Five things that are (probably) cheaper in the city than in your hometown

Earlier this year, my wife and I moved from the wilds of Southwest Virginia to New York City. Our greatest fear wasn't crime, filth, or the possibility that our daughter would grow up with a New York accent. Rather, we were worried that everything was going to cost a fortune and that we would end up having to go to the poor house. Well, so far, so good. Admittedly, some things are more expensive than they were in Virginia. However, most things aren't. For anyone considering a move to the city, here's a quick list of reasons to consider the switch. And so, without any further ado, here are Five Things That Are (Probably) Cheaper in the City Than in Your Hometown.

Fresh Produce: This may seem a little counter-intuitive. However, between the fruit and vegetable vendors that are all over town and the farmer's markets that many cities host, there are plenty of places to get good deals on produce.
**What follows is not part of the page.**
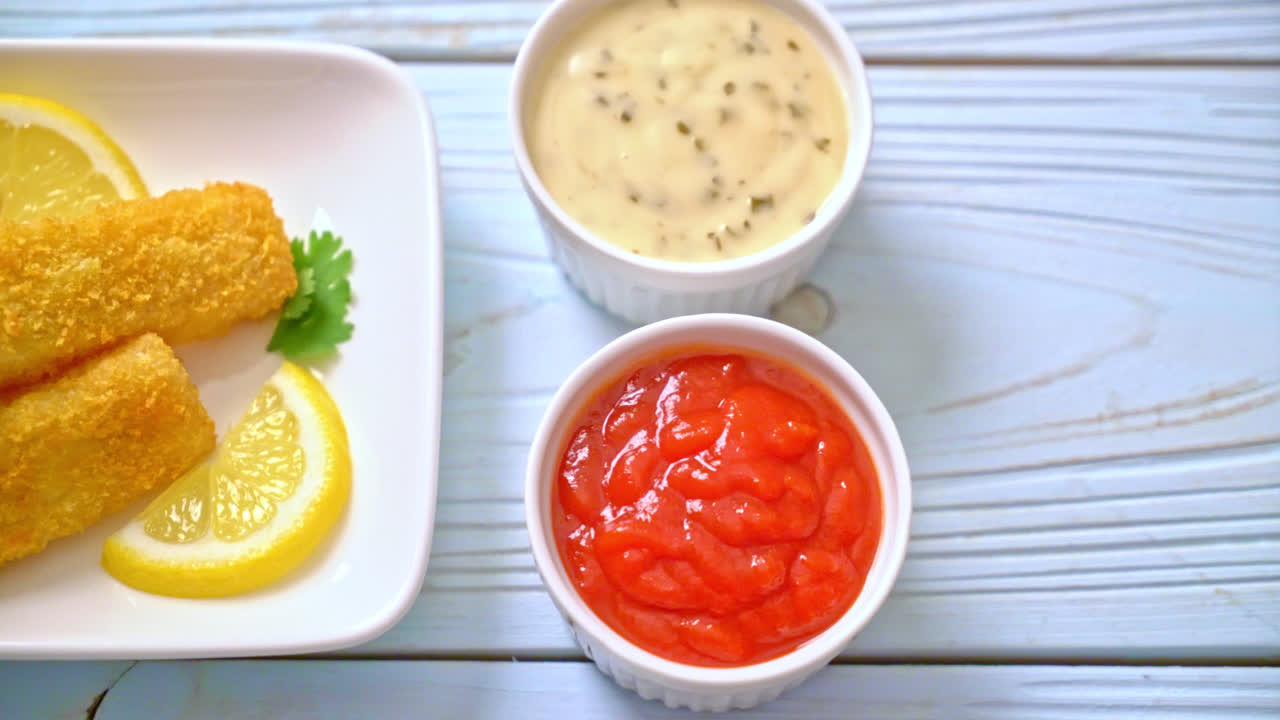 튀긴 생선 튀김 또는 소스와 감자 튀김 생선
In New York, a key spot to visit is the Farmer's market in Union Square. Every weekend, farmers, cheesemakers, and bakers from across New York and New Jersey travel to the city to sell their wares. The prices are sometimes a bit steep, but no more than you could expect to pay in a suburban supermarket. Best of all, when you're done shopping, you can wander around all the artists' stalls. If you don't want to be bothered with Farmer's markets, there are always the fruit and vegetable stalls. These guys are all over the place. Some are attached to corner convenience stores or bodegas, but many are free-standing carts situated at major intersections and public areas. The key to shopping at stalls lies in finding a reputable vendor and making sure that he recognizes you. To do this, look over the available vendors carefully. If they try to hard-sell you, or won't let you inspect the goods, run like hell. Once you've found your guy, visit him during his slow hours. Ask his name. Comment on his shoes. Start a conversation. What you want to do is make sure he remembers you next time. After you've established a rapport, ask him for any specials, and let him pick your fruit for you. If he gives you a cruddy orange, be sure to complain. Doing this will indicate that you intend to continue the relationship, and will encourage him to keep your business.Child Care: I know it's hard to believe, but you will probably pay less for child care in the city. First off, there is probably a lot more competition for your business. Second, as many cities (including New York) post their licensing reviews online, there is little question about what you are paying for. In Southwest Virginia, daycare would have cost us around $650 a month, assuming we could have gotten our daughter into a decent program. In return for this princely sum, she would have spent the day with 20 other children, picking up bad habits and colds. In New York, we're paying $600, there are six other kids in her daycare, and she's learning Spanish. And, to be honest, we didn't really shop around all that much.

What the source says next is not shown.